TASK.
Your copy should hold exactly the lines from the beginning of the listing below through the line with "ChatGPT Image Aug 7, 2025, 03_06_25 PM", without any pictures.

SUPPLIED INFORMATION.

····················

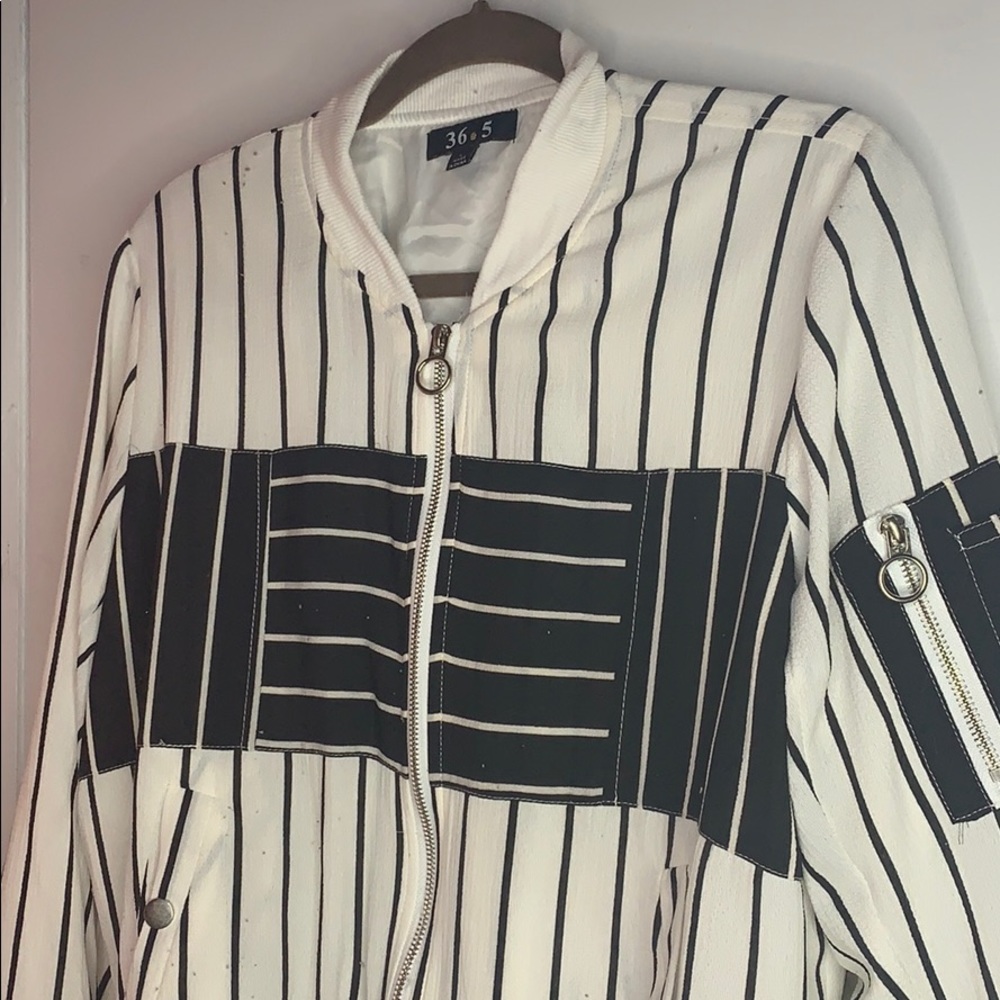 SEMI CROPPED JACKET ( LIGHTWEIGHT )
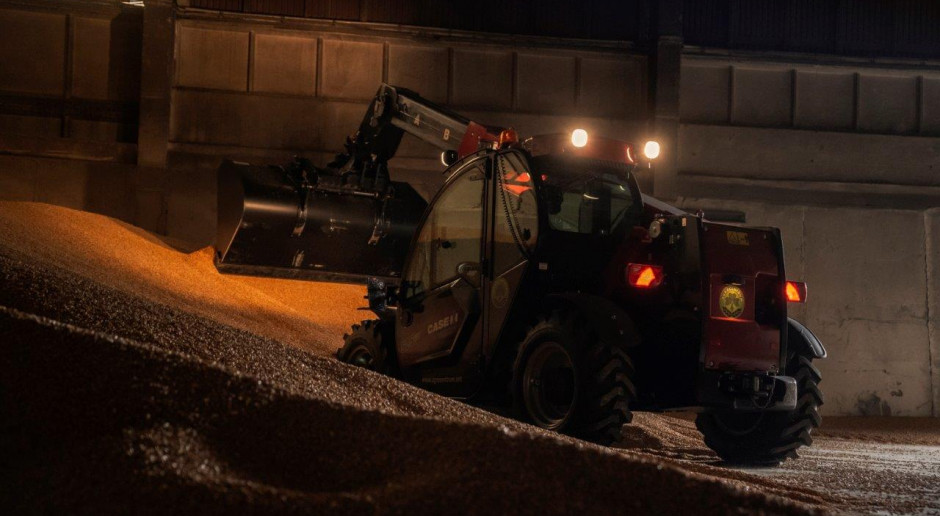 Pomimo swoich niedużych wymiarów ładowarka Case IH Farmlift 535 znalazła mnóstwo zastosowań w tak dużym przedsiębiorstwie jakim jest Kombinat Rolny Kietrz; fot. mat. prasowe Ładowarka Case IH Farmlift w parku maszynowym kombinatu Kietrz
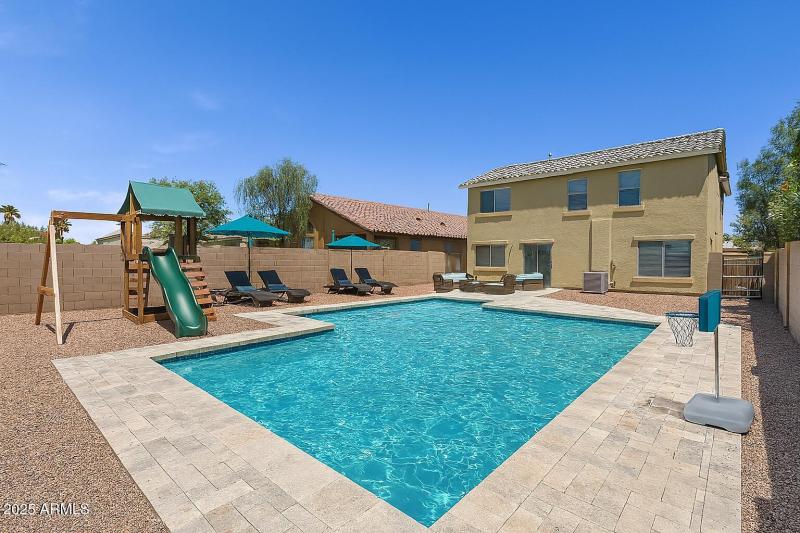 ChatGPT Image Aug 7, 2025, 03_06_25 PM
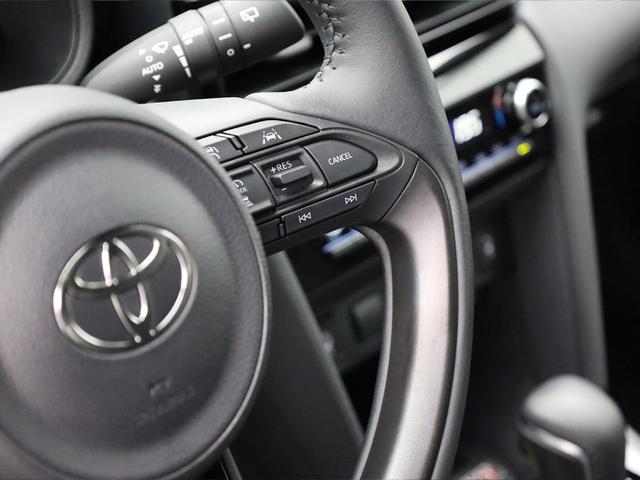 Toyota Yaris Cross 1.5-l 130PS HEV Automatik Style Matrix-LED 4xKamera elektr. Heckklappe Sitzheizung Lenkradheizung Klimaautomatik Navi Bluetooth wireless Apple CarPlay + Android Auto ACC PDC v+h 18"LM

····················

ANSWER BELOW.
 SEMI CROPPED JACKET ( LIGHTWEIGHT )
 Pomimo swoich niedużych wymiarów ładowarka Case IH Farmlift 535 znalazła mnóstwo zastosowań w tak dużym przedsiębiorstwie jakim jest Kombinat Rolny Kietrz; fot. mat. prasowe Ładowarka Case IH Farmlift w parku maszynowym kombinatu Kietrz
 ChatGPT Image Aug 7, 2025, 03_06_25 PM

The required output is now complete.